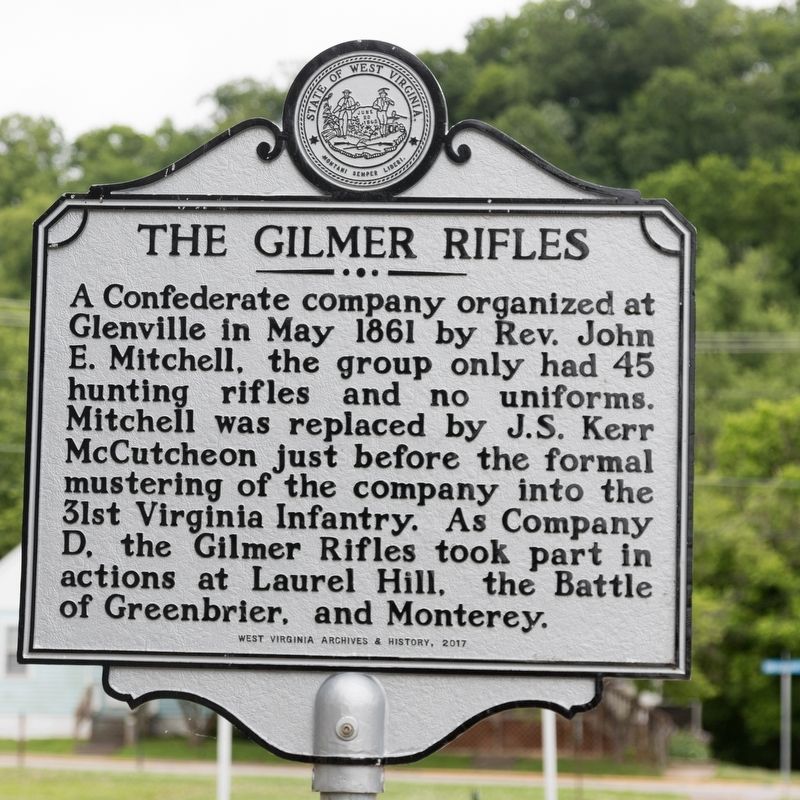 The Gilmer Rifles Marker image. Click for full size.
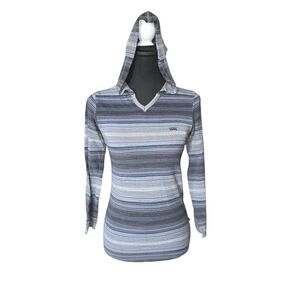 Vintage Vans Striped Lightweight Fitted Hoodie Size S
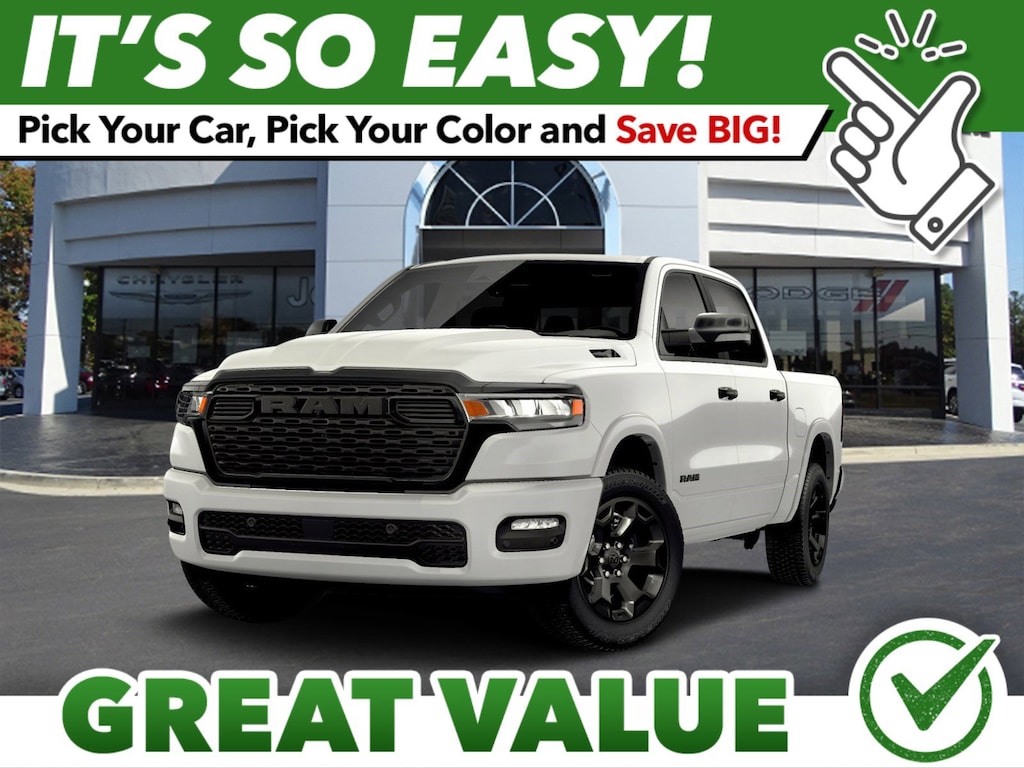 New 2026 Ram 1500 BIG HORN CREW CAB 4X4 5'7 BOX Pickup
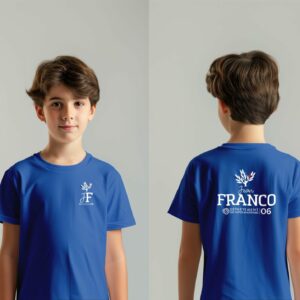 Tenue scolaire TEE-SHIRT BENOIT bleu Collège Jean Franco - Boutique Fil Rouge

:: Exercise details ::
Output all lines above precisely. Pictures are to be left out.

:: Task output ::
 The Gilmer Rifles Marker image. Click for full size.
 Vintage Vans Striped Lightweight Fitted Hoodie Size S
 New 2026 Ram 1500 BIG HORN CREW CAB 4X4 5'7 BOX Pickup
 Tenue scolaire TEE-SHIRT BENOIT bleu Collège Jean Franco - Boutique Fil Rouge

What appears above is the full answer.